Another frequent error in hydrostatics concerns the angular stability of a freely floating body the problem evidently of vital importance for the boat/ship design. It is sometimes claimed that the body is stable only if the so-called buoyancy center, the effective point of buoyant force application (in Fig, 3 , point \(\mathrm{B})\), is above the center of mass \((0)\) of the whole floating body. \({ }^{5}\) However, as Figure 3 shows, this is unnecessary; indeed in the shown case, point B (which is just the center of mass the liquid would have in the submerged part) is below point 0 , even at a small tilt. Still, in this case, the torque created by the pair of forces \(\mathbf{F}_{\mathrm{b}}\) and \(m \mathbf{g}\) tries to return the body to the equilibrium position, which is therefore stable. As Figure 3 shows, the actual condition of the angular stability may be expressed as the requirement for point M (in shipbuilding, called the metacenter of the ship’s hull) to be above the ship’s center of mass \(0 .{ }^{6}\)

Figure 8.3. Angular stability of a floating body.

To conclude this section, let me note that the integration of Eq. (4) may be more complex in the case if the bulk forces \(\mathbf{f}\) depend on position, \({ }^{7}\) and/or if the fluid is substantially compressible. In the latter case, Eq. (4) has to be solved together with the medium-specific equation of state \(\rho=\rho(\mathcal{P})\) describing its compressibility law - whose example is given by Eq. (7.38) for ideal gases: \(\rho \equiv m N / V=\) \(m \mathcal{P} / k_{\mathrm{B}} T\), where \(m\) is the mass of one gas molecule.
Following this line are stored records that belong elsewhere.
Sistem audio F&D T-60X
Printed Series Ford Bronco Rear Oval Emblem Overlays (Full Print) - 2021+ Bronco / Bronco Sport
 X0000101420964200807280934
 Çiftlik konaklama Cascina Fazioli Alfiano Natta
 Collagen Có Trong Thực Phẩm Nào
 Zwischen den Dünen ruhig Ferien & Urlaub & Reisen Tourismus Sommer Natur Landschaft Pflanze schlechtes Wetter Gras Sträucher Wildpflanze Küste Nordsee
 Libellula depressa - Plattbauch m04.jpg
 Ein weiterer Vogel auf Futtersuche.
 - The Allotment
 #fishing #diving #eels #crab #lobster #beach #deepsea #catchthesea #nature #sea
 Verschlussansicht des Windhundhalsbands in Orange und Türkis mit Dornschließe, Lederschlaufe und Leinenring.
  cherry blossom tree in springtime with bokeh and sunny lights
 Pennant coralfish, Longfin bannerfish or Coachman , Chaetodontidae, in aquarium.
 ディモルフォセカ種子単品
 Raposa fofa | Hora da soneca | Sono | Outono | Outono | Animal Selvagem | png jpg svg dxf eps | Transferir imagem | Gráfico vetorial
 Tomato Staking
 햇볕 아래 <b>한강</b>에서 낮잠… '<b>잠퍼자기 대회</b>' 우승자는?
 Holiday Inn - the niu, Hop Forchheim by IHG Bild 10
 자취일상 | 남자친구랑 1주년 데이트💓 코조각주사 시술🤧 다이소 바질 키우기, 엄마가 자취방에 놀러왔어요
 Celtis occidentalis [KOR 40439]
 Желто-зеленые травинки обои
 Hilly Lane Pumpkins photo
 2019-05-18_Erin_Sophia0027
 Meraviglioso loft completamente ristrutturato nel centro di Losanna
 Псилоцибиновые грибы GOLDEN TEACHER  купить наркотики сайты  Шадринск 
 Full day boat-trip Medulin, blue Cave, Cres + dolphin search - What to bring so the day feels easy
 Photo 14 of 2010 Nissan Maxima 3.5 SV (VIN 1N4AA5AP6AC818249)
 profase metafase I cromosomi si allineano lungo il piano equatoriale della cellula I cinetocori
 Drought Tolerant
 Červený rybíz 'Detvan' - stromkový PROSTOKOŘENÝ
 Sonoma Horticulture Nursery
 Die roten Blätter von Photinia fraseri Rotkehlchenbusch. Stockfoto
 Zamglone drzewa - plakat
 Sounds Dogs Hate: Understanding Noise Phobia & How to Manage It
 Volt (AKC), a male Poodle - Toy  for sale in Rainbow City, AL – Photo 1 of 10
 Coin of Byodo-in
\({ }^{1}\) It is often called hydrostatics because water has always been the most important liquid for the human race and hence for science and engineering.

\({ }^{2}\) As was discussed in Sec. \(7.3\) in the context of Table 7.1, this is an excellent approximation, for example, for human-scale experiments with water.

\({ }^{3}\) The equation, and the SI unit of pressure \(1 \mathrm{~Pa} \equiv 1 \mathrm{~N} / \mathrm{m}^{2}\), are named after Blaise Pascal (1623-1662) who has not only pioneered hydrostatics, but also invented the first mechanical calculator, and made several other important contributions to mathematics - and to Christian philosophy!

\({ }^{4}\) The force is strictly vertical, because the horizontal components of the elementary forces \(d \mathbf{F}\) exerted on opposite elementary areas \(d A\), at the same height \(y\), cancel.

\({ }^{5}\) Please note the crucial difference between the whole body and that of its submerged part.

\({ }^{6}\) A small tilt of the body leads to a small lateral displacement of point B, but does not affect the position of the metacenter M.

\({ }^{7}\) A simple example of such a problem is given by the fluid equilibrium in a container rotating with a constant angular velocity \(\omega\). If we solve such a problem in a reference frame rotating together with the container, the real bulk forces should be complemented by the centrifugal "force" (4.93), depending on \(\mathbf{r}\).